You may think of your shower drain as just a drain opening that water escapes through. But your shower system has many components and that all work together to ensure the effective travel of water to your sewer drain through your pipes.
The shower drains are carefully designed in such a way that it ensures sewer gases do not back up into the washroom, therefore emitting unpleasant odours.
It also ensures that water does not build up and flood when you are having a shower.
Parts of a Shower Drain
Below are the different components of your shower area and drainage system. The Drain trap, vent, drainage seal and shower base. They all work together to make sure your water travels effectively to the tight sewer drain.
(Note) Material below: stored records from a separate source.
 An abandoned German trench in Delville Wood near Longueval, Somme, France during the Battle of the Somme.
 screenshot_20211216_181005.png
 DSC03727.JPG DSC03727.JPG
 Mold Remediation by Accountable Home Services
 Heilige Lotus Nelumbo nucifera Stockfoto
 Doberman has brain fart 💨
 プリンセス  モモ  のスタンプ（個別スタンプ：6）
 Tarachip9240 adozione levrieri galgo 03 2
The drain trap is located on the shower floor and is a pipe that connects to the drain line and the waste stack.
Sink traps under your kitchen cabinet are usually P shaped but shower traps can be S-shaped. The bottom of the trap has an area that holds some water.
This is to eliminate sewer gasses from seeping up and creating an unpleasant odour in your bathroom. This is usually bent into an s or p shape and 'traps' some water to stop gasses from entering inside your property.
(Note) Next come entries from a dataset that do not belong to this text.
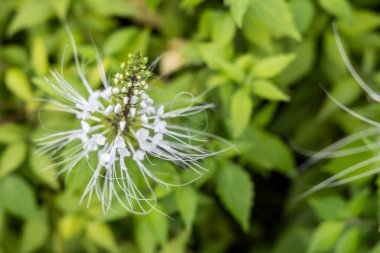 Misai Kuching ya da Kedi Bıyıkları 'nın yakın plan görüntüsü. Geleneksel tıpta diüretik, anti-oksidan ve marş-hipertansif faydaları olan çiçek açan bir bitki türü.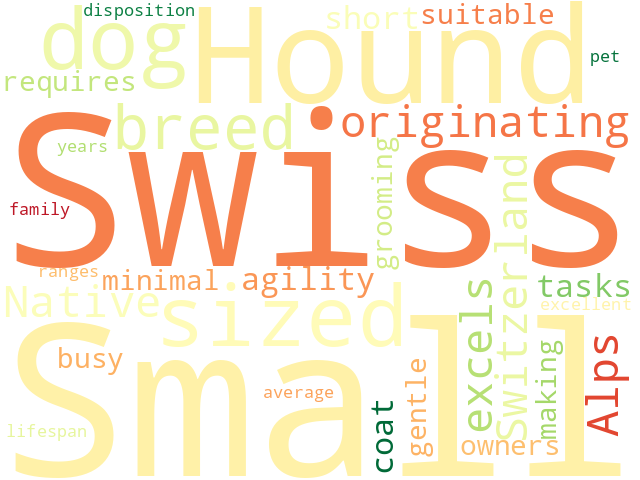 Word Cloud for small_swiss_hound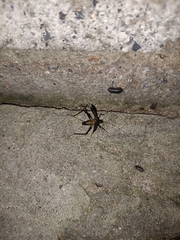Gryllidae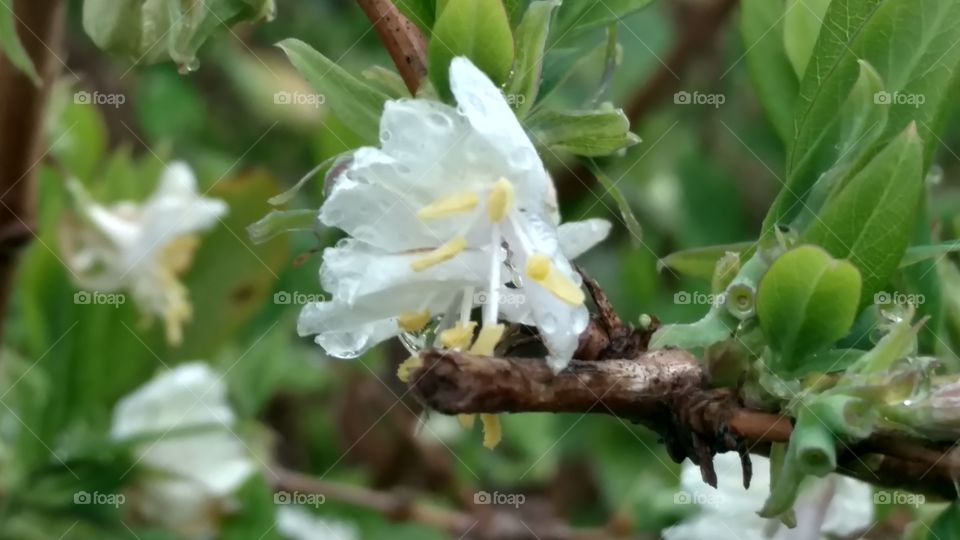 Flora, Nature, Leaf, Flower, Tree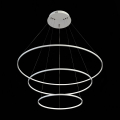 Подвесная люстра SL904.503.03 Erto ST Luce (4)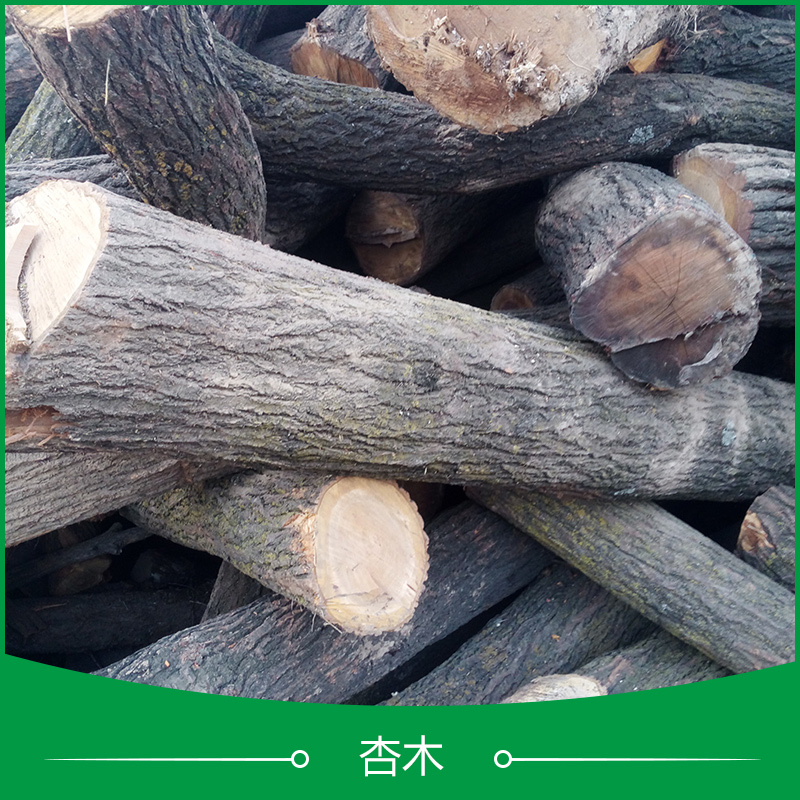 供应用于工艺品|装修建材的菏泽杏木、山东优质大径果木|杏木原木批发图片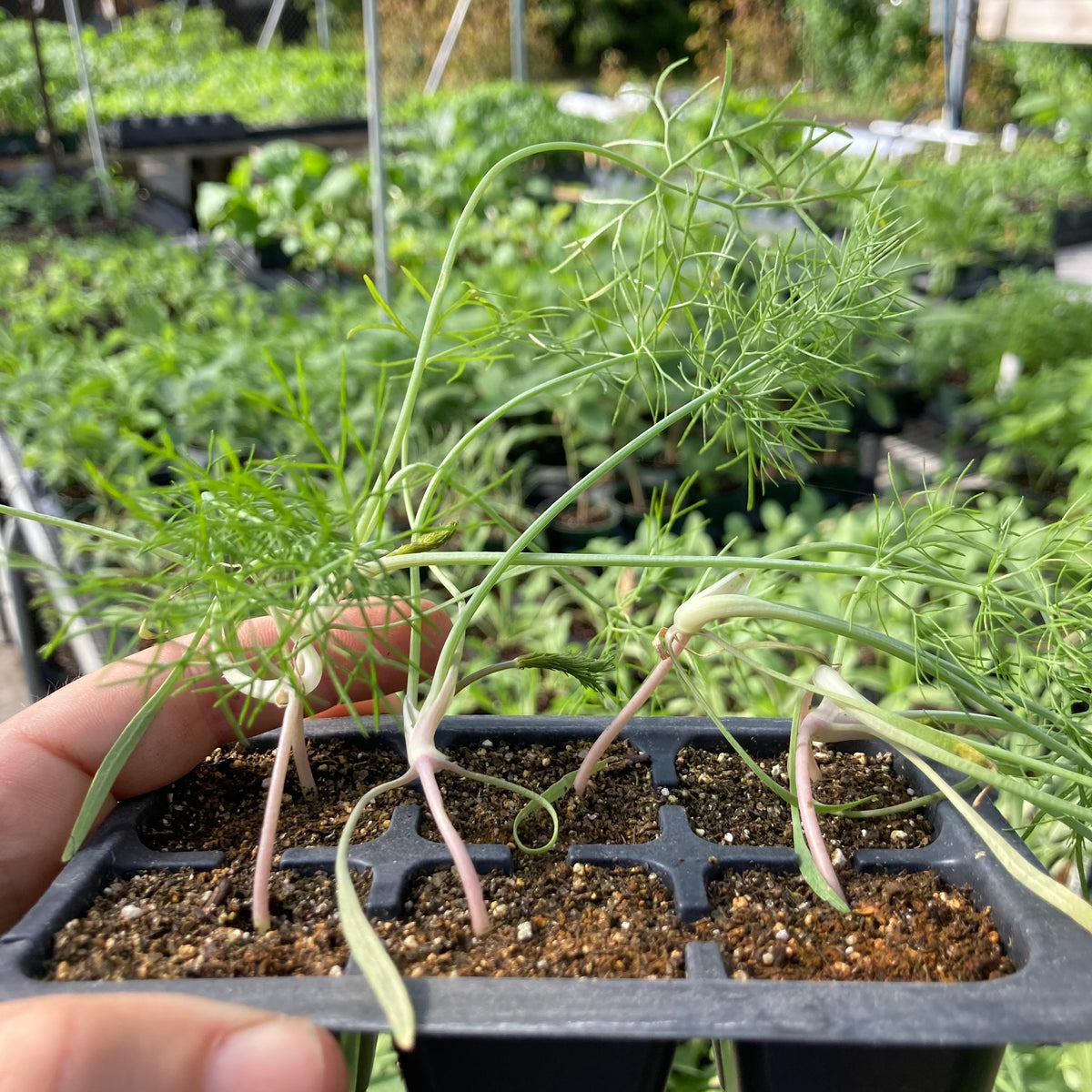 Fennel - 6 pack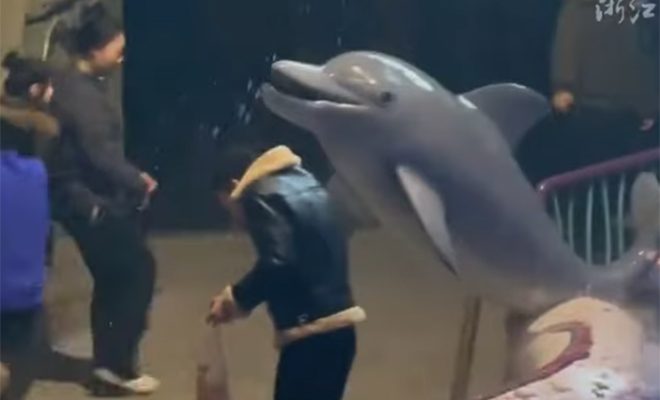 Наглый курильщик достал всех в океанариуме, но тут вмешалась белуха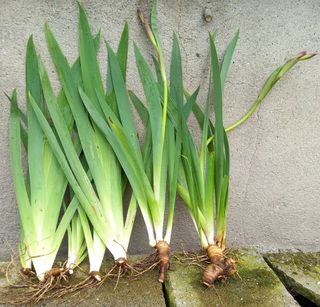 Plantas Iris Germanica  varios colores , Lirios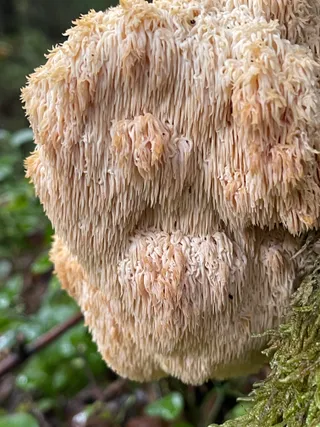  — 3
The drain waste vent is important for removing sewerage from your home. They assist by regulating the air pressure inside the shower drain pipes.
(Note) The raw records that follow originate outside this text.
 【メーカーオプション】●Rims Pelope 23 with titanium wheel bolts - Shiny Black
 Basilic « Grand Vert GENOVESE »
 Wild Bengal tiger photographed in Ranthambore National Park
These vent pipes start from the waste point and extend to the outside of the building. When you use the water in your shower, the water travels down from the drain opening and creates a vacuum and the flow of water can be reduced.
Venting is important as it allows the air to flow freely into the drain at a constant pressure. You can locate the main vent above your roof.
Drainage Seal and Shower Base
The first component of a shower drain that you see is the cover. Typically it looks like a strainer and can be removed. Beneath this strainer is the drain that leads to the floor trap.
Normally the shower base should be designed on a slope to ensure the water flow enters the drain opening. The leftover water can damage the floor and become a dangerous hazard due to soap and shampoo.
It may cause you to slip. So, sealing the strainer is crucial to eliminate any leaking water from under the base.